I actually built the site on an early version of App Engine, which had not yet been announced to the public. Even back then, while they were still busily developing the thing, it was really easy! I even helped them find a couple bugs... :)
On April 1st, I sent out a company-wide announcement of the site as if it were a new Google project. I hid my identity by attributing the mail to a mailing list with private membership. April 1st was a Sunday that year, but the next morning, at 9:32 AM, I received an e-mail from Jeff detailing how he had hacked through my servers and discovered my identity. :)
The site has continued running ever since, and hundreds of Googlers have submitted "facts". At some point, +Ari Wilson
took over maintainership and expanded the site to allow you to post "facts" about any employee, though Jeff remained the main focus.
No one ever had to approve any of this. I just did it, because I thought it would be funny, and people loved it. That's kind of how things work at Google. But my little creation is nowhere near the biggest or funniest of our internal prank sites... I'll let the creators of said sites decide if and when to talk about them. ;)
Here are some of my other favorite "facts" about Jeff (at least, of the ones that would make sense to people outside the company):"Jeff Dean compiles and runs his code before submitting, but only to check for compiler and CPU bugs.""Jeff Dean once failed a Turing test when he correctly identified the 203rd Fibonacci number in less than a second.""The speed of light in a vacuum used to be about 35 mph. Then Jeff Dean spent a weekend optimizing physics.""Jeff Dean was born on December 31, 1969 at 11:48 PM. It took him twelve minutes to implement his first time counter.""Jeff Dean escews both Emacs and VI. He types his code into zcat, because it's faster that way.""When Jeff Dean sends an ethernet frame there are no collisions because the competing frames retreat back up into the buffer memory on their source nic."

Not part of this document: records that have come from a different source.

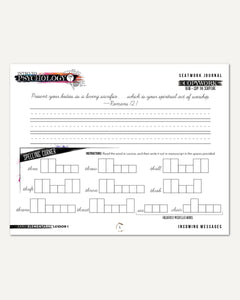 Psychology homeschool unit study print student seatwork  journal manuscript early elementary worksheet
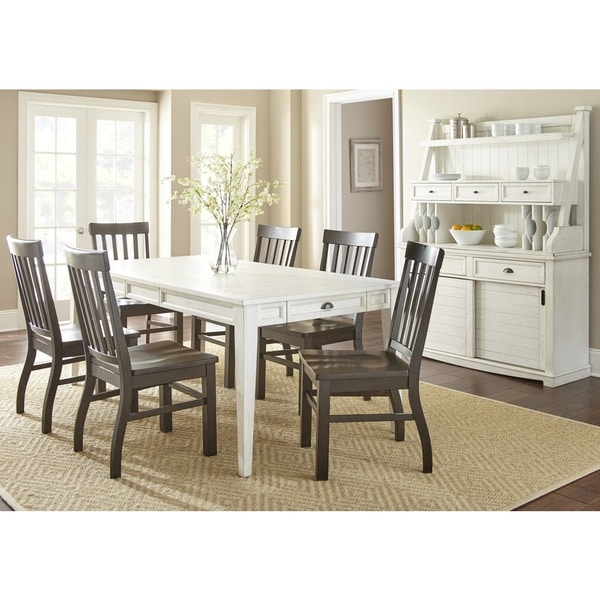 Cottonville Antique White Farmhouse Dining Set With Chairs ...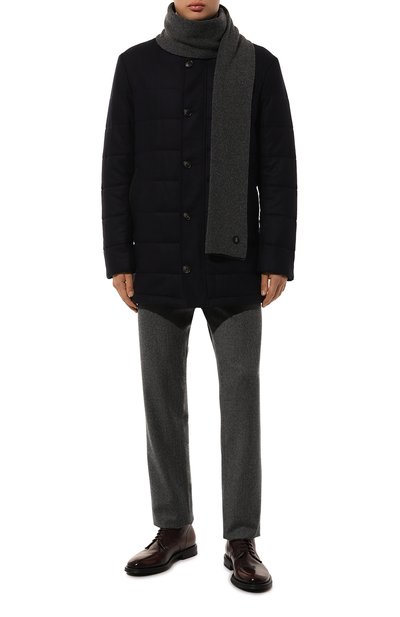 Шарф из шерсти и вискозы BOGNER темно-серого цвета по цене 24100 руб., арт. 98166087, фото 3 Шарф из шерсти и вискозы BOGNER, арт. 98166087, фото 3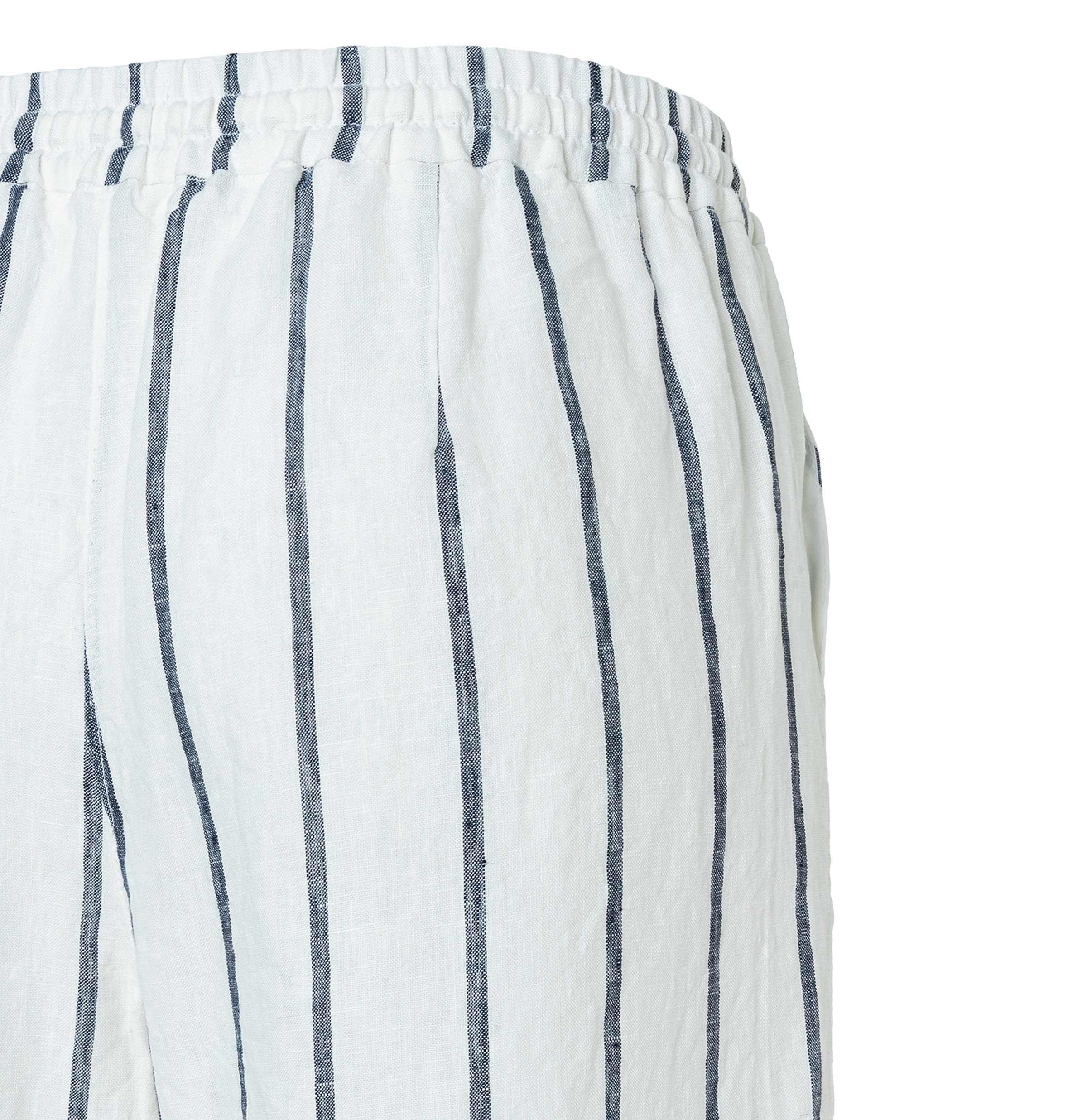 MAC Leinenhose »CALLIE cropped«  gestreift mit Kordelzug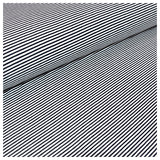 Jersey Streifen schwarz und weiß 2mm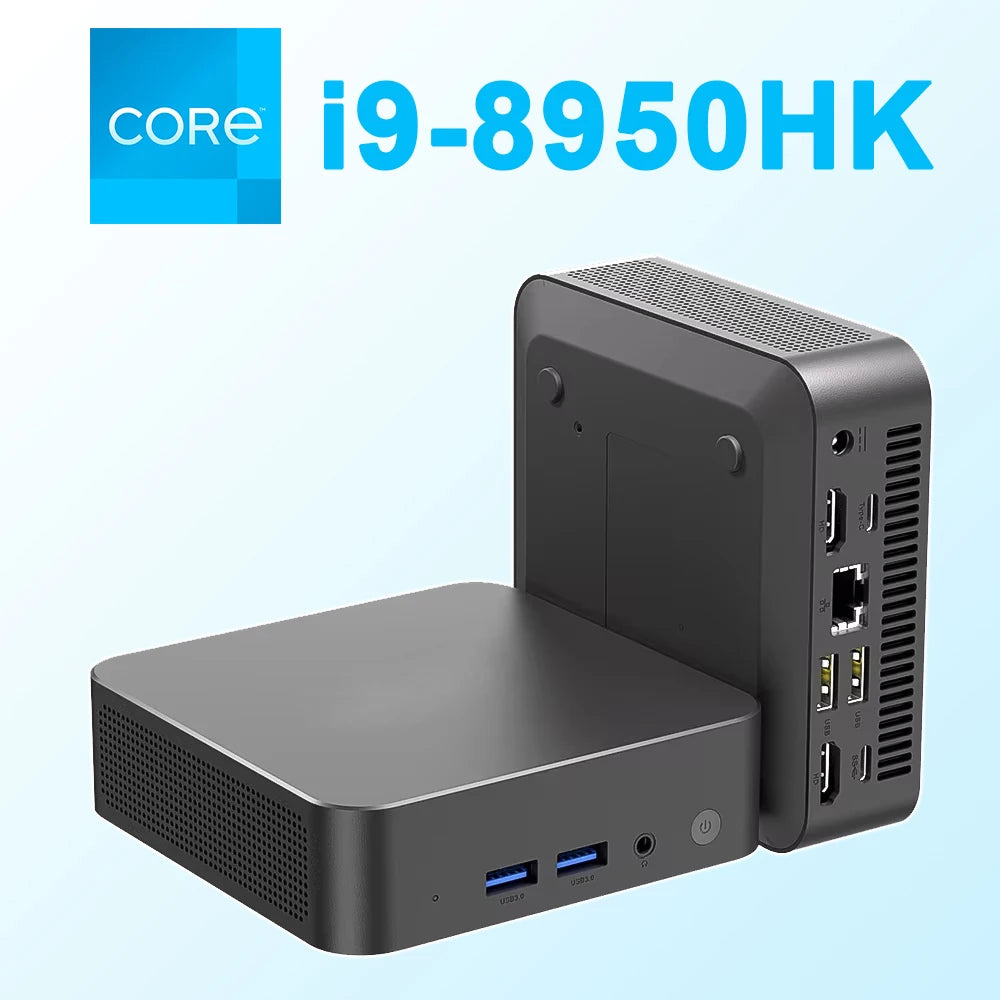 2026 Mini PC Windows 11 Intel Core i9 8950HK Core i3 6100U Portable Desktop PC 16GB DDR4 1TB 2TB SSD Gaming Computer office PC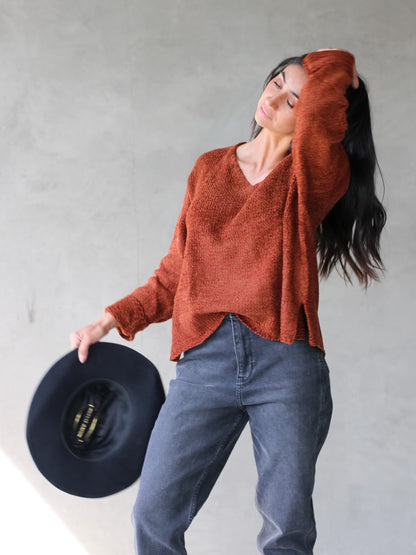 Chenille Pullover
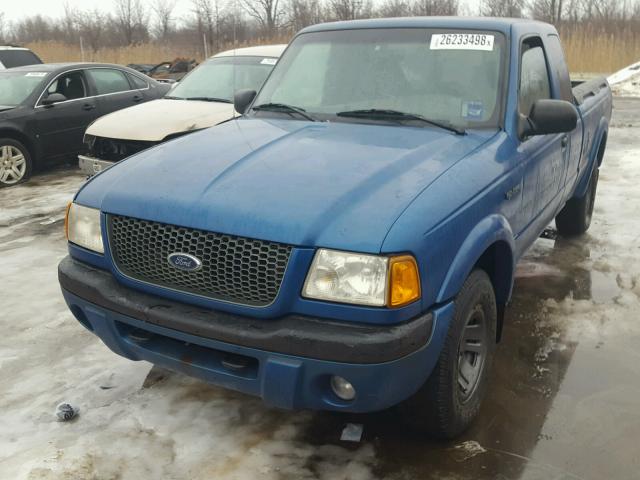 1FTZR15E21PA68610 - 2001 FORD RANGER SUP BLUE photo 2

EDIT: Here's a few more (a couple are edited to make sense to non-Googlers)..."Unsatisfied with constant time, Jeff Dean created the world's first O(1/n) algorithm.""Once, in early 2002, when the search back-ends went down, Jeff Dean answered user queries manually for two hours. Result quality improved markedly during this time."

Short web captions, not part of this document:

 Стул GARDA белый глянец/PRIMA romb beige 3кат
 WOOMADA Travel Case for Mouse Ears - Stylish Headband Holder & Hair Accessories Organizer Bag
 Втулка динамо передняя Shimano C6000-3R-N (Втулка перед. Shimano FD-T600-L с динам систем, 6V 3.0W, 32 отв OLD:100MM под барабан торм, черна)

(This was the very first "fact" submitted, by me. I'm not very funny, though, so my friends +Bartholomew Furrow and +Ambrose Feinstein wrote most of the initial "seed" jokes, so that there was content available when the site "launched".)"When Jeff Dean goes on vacation, production services across Google mysteriously stop working within a few days. This is actually true."
(Another one of my submissions, and yes it actually happened.)"Jeff Dean was forced to invent asynchronous APIs one day when he optimized a function so that it returned before it was invoked.""When Jeff Dean designs software, he first codes the binary and then writes the source as documentation.""The rate at which Jeff Dean produces code jumped by a factor of 40 in late 2000 when he upgraded his keyboard to USB2.0.""Compilers don't warn Jeff Dean. Jeff Dean warns compilers.""Jeff Dean wrote an O(n^2) algorithm once. It was for the Traveling Salesman Problem.""Jeff Dean once implemented a web server in a single printf() call. Other engineers added thousands of lines of explanatory comments but still don't understand exactly how it works. Today that program is the front-end to Google Search.""True: Jeff once simultaneously reduced all binary sizes by 3% AND raised the severity of a previously known low-priority python bug to critical-priority in a single change that contained no python code.""Jeff Dean can beat you at connect four. In three moves.""When your code has undefined behavior, you get a seg fault and corrupted data. When Jeff Dean's code has undefined behavior, a unicorn rides in on a rainbow and gives everybody free ice cream.""When Jeff Dean fires up the profiler, loops unroll themselves in fear.""Jeff Dean is still waiting for mathematicians to discover the joke he hid in the digits of PI.""Jeff Dean's keyboard has two keys: 1 and 0.""gcc -O4 sends your code to Jeff Dean for a complete rewrite.""When Jeff has trouble sleeping, he Mapreduces sheep.""When Jeff Dean listens to mp3s, he just cats them to /dev/dsp and does the decoding in his head.""When Graham Bell invented the telephone, he saw a missed call from Jeff Dean.""Jeff Dean's watch displays seconds since January 1st, 1970. He is never late.""Jeff starts his programming sessions with 'cat > /dev/mem'.""One day Jeff Dean grabbed his Etch-a-Sketch instead of his laptop on his way out the door. On his way back home to get his real laptop, he programmed the Etch-a-Sketch to play Tetris."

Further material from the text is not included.